HOUSTON/PUNTO FIJO, Venezuela (Reuters) - More than 4 million barrels of Venezuelan crude and fuels are sitting in tankers anchored in the Caribbean sea, unable to reach their final destination because state-run PDVSA cannot pay for hull cleaning, inspections, and other port services, according to internal documents and Reuters data.
About a dozen tankers are being held back because the hulls have been soiled by crude, stemming from several oil leaks in the last year at key ports of Bajo Grande and Jose, which has resulted in delayed operations for loading and discharging.
Since debt-laden PDVSA cannot afford to have the ships cleaned, they have to wait for weeks to navigate international waters, delaying shipments.
Dirty tankers are the latest of a litany of problems weighing on PDVSA, the source of most of Venezuela’s export revenue and critical to the government’s budget.
Oil production and exports are currently at lows not seen in more than two decades. PDVSA’s difficulty with paying creditors and service providers makes pulling itself out of that hole more onerous. That has contributed to a deep, years-long recession in the OPEC country.

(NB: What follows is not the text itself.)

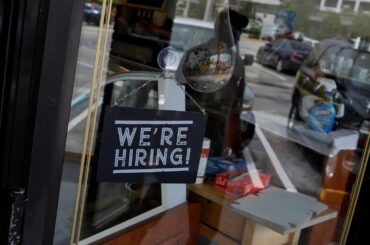 米4月求人件数、19.1万件増　先行き懸念で解雇が増加 | ロイター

As of Jan. 25, vessels carrying some 1.4 million barrels of crude, diesel, gasoline, fuel oil and liquefied petroleum gas were anchored in Venezuelan and Caribbean waters waiting for cleaning, according to PDVSA’s trade documents, verified by Reuters shipping data. The company did not respond to a request for comment.
“PDVSA almost solved this situation in Bajo Grande in early December because it needed to drain inventories, but it is now taking at least three weeks to complete the cleaning,” said an inspector at Lake Maracaibo, who was not authorized to speak to the press.

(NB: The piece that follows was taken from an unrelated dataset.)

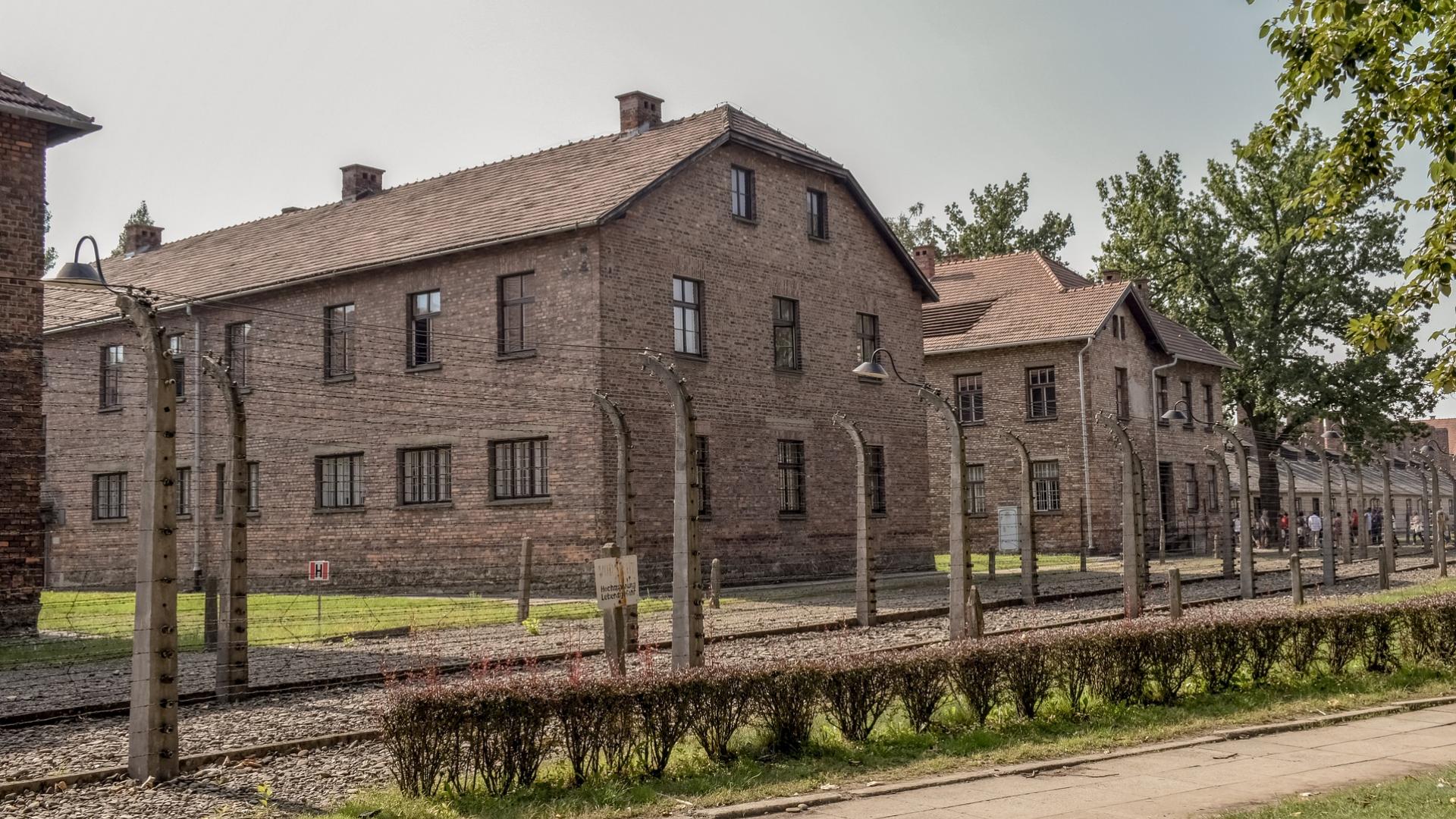 auschwitz-tours-poland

The dozen or so tankers that have not been cleaned are mostly from PDVSA’s fleet of owned and leased vessels, according to a series of PDVSA’s internal operational reports confirmed by Reuters vessel tracking data.
In addition, another 11 tankers in early January are being held up for “financial retention,” a classification used by PDVSA in its internal reports to identify loaded vessels that have been embargoed or temporarily retained by port authorities, inspection firms or maritime agencies due to unpaid bills.

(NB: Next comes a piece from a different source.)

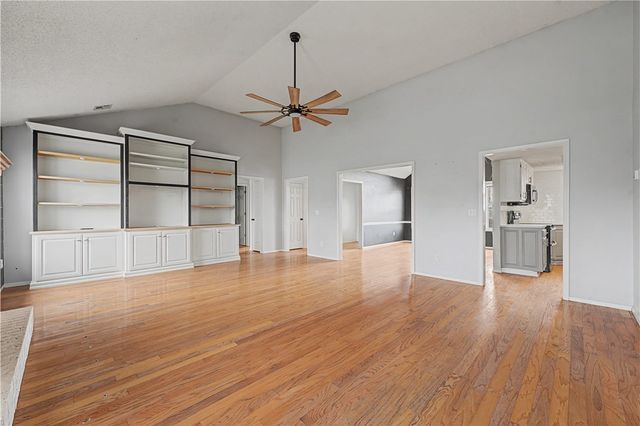 1103 N Flamingo Road, Rogers, AR 72756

Those tankers, along with several smaller ones retained for other operational delays, are holding a combined 2.9 million barrels, according to the data.
The list includes the Aframax Hero, loaded in September with 520,000 barrels of fuel oil bound for China. The cargo is moored in Curacao, delayed by more than 100 days, until a payment to inspection firm Saybolt (CLB.N) is made. [nL1N1CY00P]
PDVSA's crude exports fell to 1.59 million barrels per day (bpd) in the last quarter of 2016 from 1.82 million bpd in the first quarter, a 13 percent decline, according to Thomson Reuters trade flows data. [tmsnrt.rs/2baTeGm]
Vessels started to become soiled by crude in PDVSA’s ports last year amid intermittent oil leaks at Bajo Grande terminal in Venezuela’s Lake Maracaibo, according to sources close to that operation.
Maritime laws prohibit stained tankers from navigating international waters until hull cleaning is performed. While PDVSA’s debts to cleaning firms grow, the leaks have not been repaired, so dozens of vessels have traveled within the country in recent months, spreading the problem to other terminals, including Puerto la Cruz, La Salina, Cardon and Amuay, the documents state.
Cleaning, which is performed at the Guaranao Port, located close to Venezuela’s largest refinery, has taken as much as two months in some cases, an inspector said.
A crude spill at Jose in January stained more tankers, this time affecting vessels waiting to load crude for exports.
PDVSA last week said the affected dock at Jose resumed operations, but there is a logjam of ships needing cleaning, affecting regular foreign buyers of Venezuelan crude, the inspector and a trader from a firm buying Venezuelan oil said. [nL1N1F71I7][nL1N1F80NG]
Some of PDVSA’s joint venture partners in projects in the Orinoco belt have proposed picking up part of the bill, paying cleaning companies in dollars to amortize debts faster and ease the bottleneck, but the state-run firm has refused due to its cash flow constraints, the trader said.